SA's digital health crashes during Covid-19 pandemic: study

23 September 2021 - 08:00
By Sipokazi Fokazi
A new global research on digital wellbeing has revealed SA’s mediocre results in e-security, ranking it 85th in the world. SA is lagging behind Algeria, Kenya, and Nigeria.
Image: 123RF/RA2 STUDIO A new global research on digital wellbeing has revealed SA’s mediocre results in e-security, ranking it 85th in the world. SA is lagging behind Algeria, Kenya, and Nigeria.

SA’s global digital wellbeing has declined nine places over the past year and is now ranked at 68th out of 110 countries.

However, it is still top when it comes to African states, according to the third annual edition of the Digital Quality of Life (DQL) index.

The research has revealed SA’s mediocre results in e-security, ranking 85th in the world and lagging behind Algeria, Kenya and Nigeria on the continent. E-infrastructure in SA was also about 20% worse than the global average, and the country ranked 87th globally.

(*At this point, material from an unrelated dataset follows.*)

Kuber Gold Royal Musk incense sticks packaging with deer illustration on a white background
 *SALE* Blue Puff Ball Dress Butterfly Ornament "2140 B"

Covering 90% of the global population, the DQL study is conducted by the cybersecurity company Surfshark and evaluates countries based on a set of five fundamental digital wellbeing pillars. SA shows better results than the global average in internet affordability, in 26th position.

The 2021 DQL research examined a total population of more than 6.9 billion people in terms of five core pillars and 14 underpinning indicators that provide a comprehensive measure. The study is based on open-source information provided by the UN, the World Bank, Freedom House and the International Communications Union, among others.

Compared to Kenya, SA ranks lower in e-infrastructure and e-security, but it shows better results in internet affordability, internet quality and e-government. Its index grew by 32% compared to last year, and is now about 30% better than the global average.

South Africans have to work 1 hour 38 minutes to afford the cheapest broadband internet package and 59 seconds to afford the cheapest 1GB of mobile internet, which is three minutes less than in 2020. Globally, people spend about 10 minutes of work to afford the 1GB of mobile internet.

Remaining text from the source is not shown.